Selain itu, studi yang saya lakukan menunjukkan, pembiayaan defisit anggaran melalui utang (obligasi) domestik pada tingkat tertentu akan memindahkan tabungan di perbankan ke obligasi pemerintah. Implikasinya, sumber untuk ekspansi kredit di perbankan menjadi terbatas sehingga jumlah investasi swasta yang bisa dibiayai perbankan pun terbatas. Inilah yang disebut crowding out effect. Dengan kondisi ini, likuiditas relatif ketat dan tak mudah bagi bank untuk melakukan ekspansi kredit.
Reformasi struktural
Ketiga, jika ruang kebijakan moneter dan fiskal terbatas, lalu apa yang bisa dilakukan? Jawabannya reformasi struktural: menghapuskan aturan yang berbelit, termasuk revisi UU Ketenagakerjaan. Dengan itu, gairah investasi akan meningkat dan kita dapat menarik manfaat dari perang dagang AS-China. Saya bisa mengerti kegusaran Presiden Joko Widodo karena dari 33 investasi yang meninggalkan China, tidak ada satu pun yang masuk ke Indonesia. Kita tahu infrastruktur yang buruk merupakan hambatan besar, tetapi hambatan utama kita adalah masalah regulasi dan institusi. Langkah pemerintah merevisi UU Ketenagakerjaan harus diapresiasi.
Sayangnya, sampai hari ini, revisi ini belum selesai. Saya tahu revisi ini sensitif secara politik. Untuk mengurangi resistensi politik, revisi UU ini harus dibarengi kompensasi bagi buruh dalam bentuk asuransi pengangguran. Sumbernya dari kontribusi perusahaan, pemerintah dan dari pekerja sendiri.
Reformasi struktural memang lebih mudah diucapkan ketimbang dilakukan. Kita bisa berkilah, Vietnam bisa mengambil manfaat dari relokasi ini karena memiliki sistem politik yang berbeda. Namun jangan lupa, relokasi juga terjadi ke Bangladesh, Malaysia, dan Thailand yang sistem politiknya lebih demokratis. Investasi masuk ke Vietnam karena mereka telah melakukan reformasi struktural yang drastis sebagai bagian dari usaha mereka agar bisa masuk dalam Trans-Pacific Partnership. Kita harus mengakui ketertinggalan kita.

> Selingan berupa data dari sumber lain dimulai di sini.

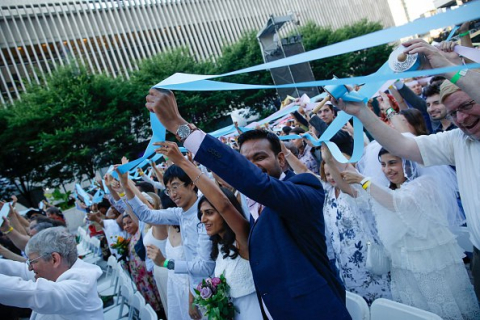Пари, які постраждали від коронавірусу, проводять повторне весілля у визначній пам'ятці Нью-Йорка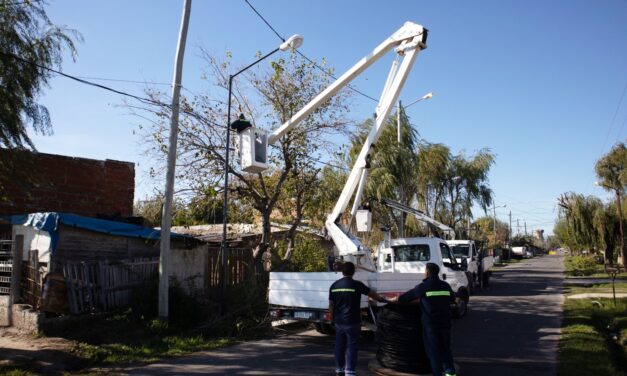 El Municipio sigue reforzando el alumbrado público de La Josefa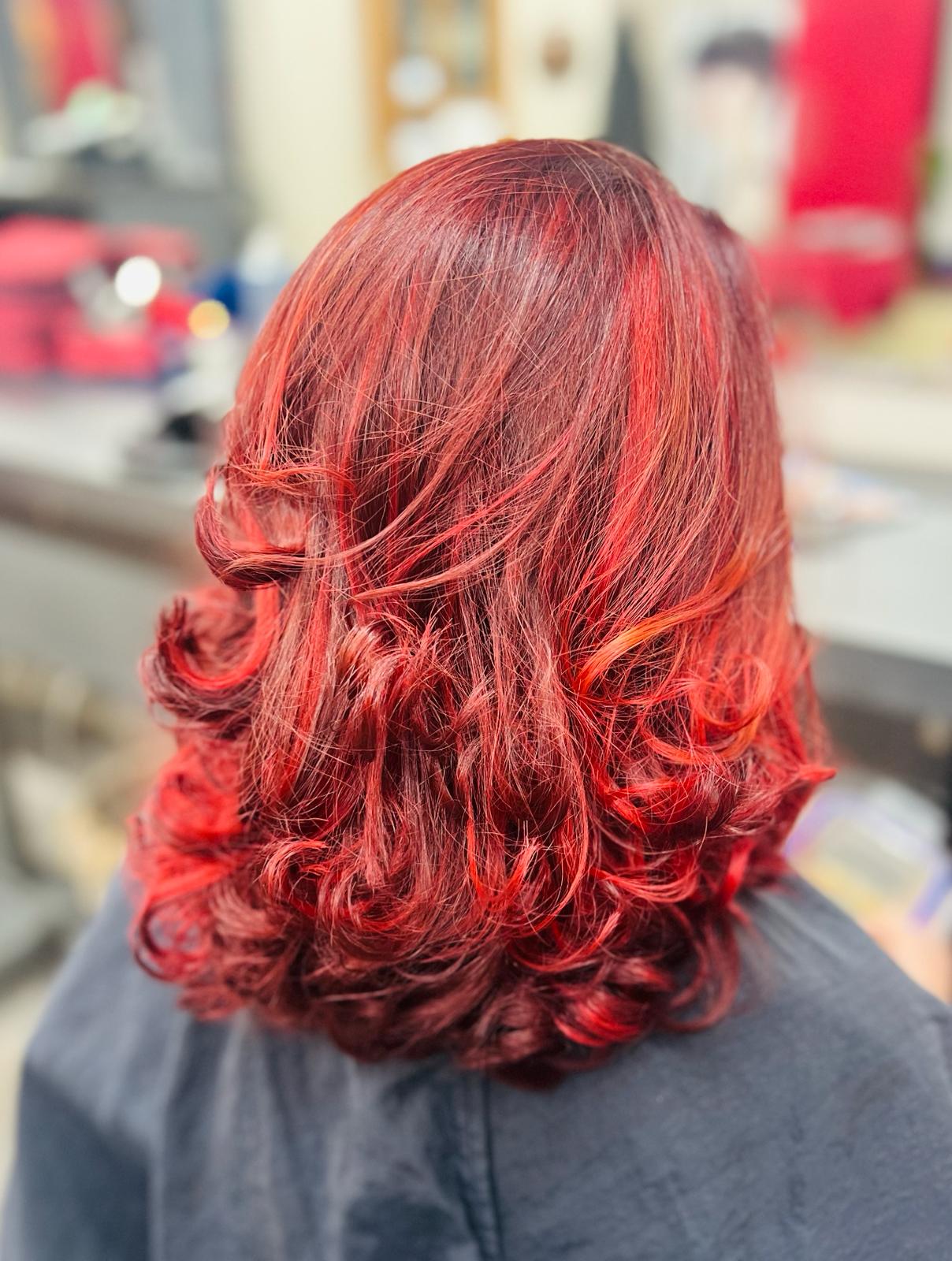 Leuchtende Rot-Coloration mit voluminösen Locken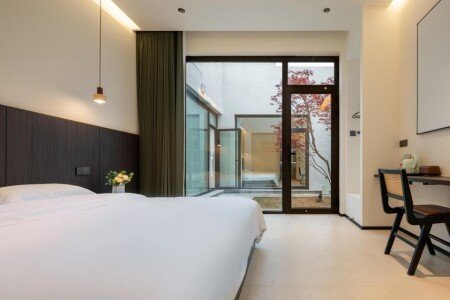 Bed and breakfast 23 guests, with garden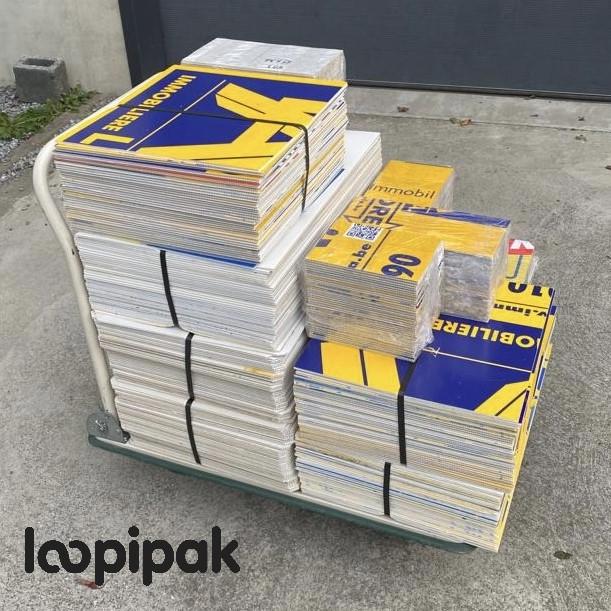 Réemploi de déchets pour Loopipak Panneaux usagers d'agence immobilière nettoyés et découpés pour entrer dans la confection des Loopipak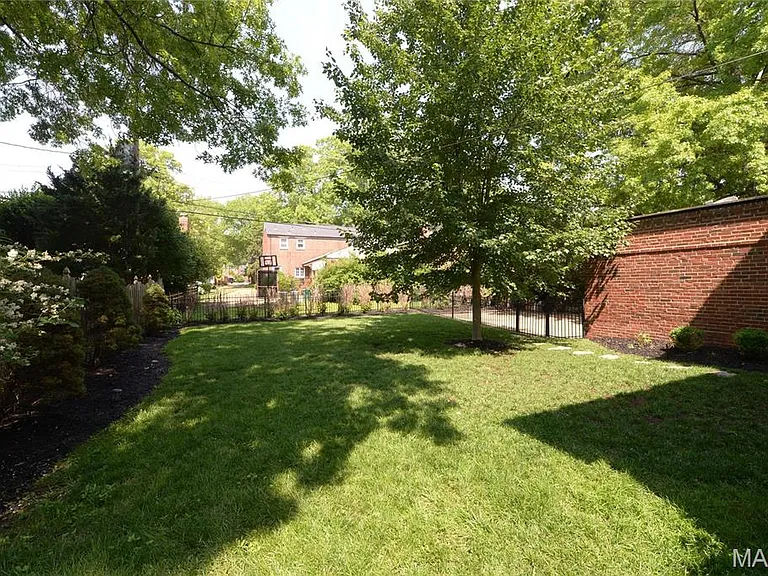 937 S Bemiston Ave — Photo 45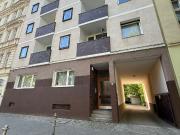 Renovated 2 Room Apartment in Berlin Gesundbrunnen,...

Mendorong ekspor dan investasi
Keempat, kita mencatat usaha keras pemerintah mendorong ekspor dan investasi. Ini langkah yang benar. Salah satu ide yang muncul adalah menggabungkan Kementerian Luar Negeri dan Perdagangan Luar Negeri. Ini ide yang menarik. Diplomasi ekonomi harus menjadi bagian yang penting dari diplomasi luar negeri kita. Namun, yang harus diantisipasi, penggabungan dua kementerian dalam praktiknya tak selalu mudah. Penyesuaian budaya kerja dua institusi yang berbeda membutuhkan waktu. Sayangnya, kita tak punya waktu panjang. Jika resesi terjadi, birokrasi harus segera efektif. Tak banyak ruang bagi penyesuaian atau uji coba.
Kita mungkin tak segalau Flavio, sopir taksi dari Milan itu. Ekonomi kita masih bisa tumbuh 5 persen atau sedikit di bawah 5 persen. Ini harus diapresiasi. Namun, jika resesi terjadi, tekanan ekonomi akan semakin dalam. Kita tak boleh lengah. Amunisi kita untuk menghadapi resesi terbatas. Karena itu, prioritas kebijakan menjadi penting. Tak bisa semua hal dilakukan.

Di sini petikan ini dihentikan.